Probability Density of a Constrained Chi-Square

In summary, the conversation discusses the process of determining a probability distribution from a function built through measurements with normally distributed errors. The speaker wants to reduce the dimensionality to two variables by imposing a constraint and variable change. They question whether the resulting function is still a chi-square with two degrees of freedom and seek sources for theoretical grounding. The expert recommends using simulation and understanding the various transforms and joint distributions for non-independent variables. They also mention the importance of estimating the covariance matrix and understanding entangled limits in this context.
  • #1
Soveraign
55
0
Hello PF! It's been a while. How are things?

In my research I'm faced with determining a probability distribution from a function built as follows:

Perform three measurements X, Y, Z that have normally distributed errors.

Impose a constraint and variable change that allows me to reduce the dimensionality to 2.

My question is: Can I assume the resulting function is a chi-square with 2 dof and therefore write my pdf as

[tex]exp(- \chi^2 / 2)[/tex]

The long version with specifics:

I am measuring the energies and opening angle of two photons with a common point of origin and I wish to determine the probability density of true energies and angles from this single measurement. For simplicity I assuming Gaussian errors on the measurements. The opening angle is transformed a bit to make the calculations easier and I start with an initial chi-square of (subscript "m" is my measured value and "z" is my transformed angle measurement):

[tex] \chi^2 = \frac {(E_1 - E_{1m})^2} {\sigma_{E1}^2} + \frac {(E_2 - E_{2m})^2} {\sigma_{E2}^2} + \frac {(z - z_{m})^2} {\sigma_{z}^2} [/tex]

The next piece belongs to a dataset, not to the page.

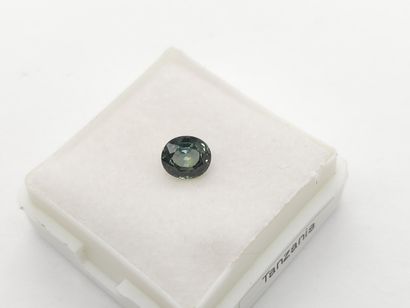 SAPPHIRE bluish green VS , oval , Tanzania...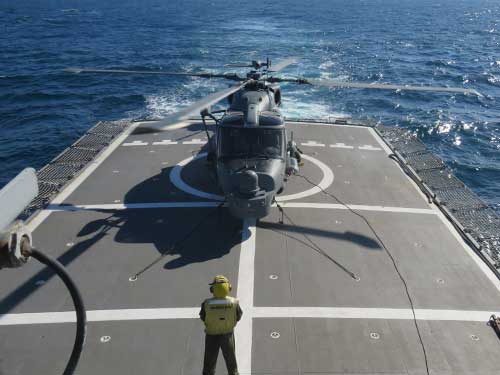 000%2Baeronave-ah-11b-wild-lynx-versao-modernizada-do-super-lynx-no-convoo-da-corveta-barroso-web.jpg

The photons are produced by a common particle and therefore I can impose the constraint that the invariant mass of these photons is a specific value "M" (p is four-momentum).

[tex] C = (\mathbf p_{\gamma 1} + \mathbf p_{\gamma 2})^2 - M^2 = 0 [/tex]

This allows me to reduce the variables from 3 to 2, but in a fairly non-linear way. My final chi-square is a function of energy of the original common particle and the cosine of the center of momentum decay angle of the photons:

[tex] \chi^2 = f(E, \cos{\theta^*}) [/tex]

As one would expect the transformations are quite non-linear, but in practice frequently are "close" to linear for the actual values being considered. I don't want to further burden this post with the ugly transformation details but would happily provide if it is needed.

So the long version of the question is: Can I assume the above expression is still a chi-square? Is the dof 2? Does the fact that E and cos(th*) are not independent play a role in determining the proper dof?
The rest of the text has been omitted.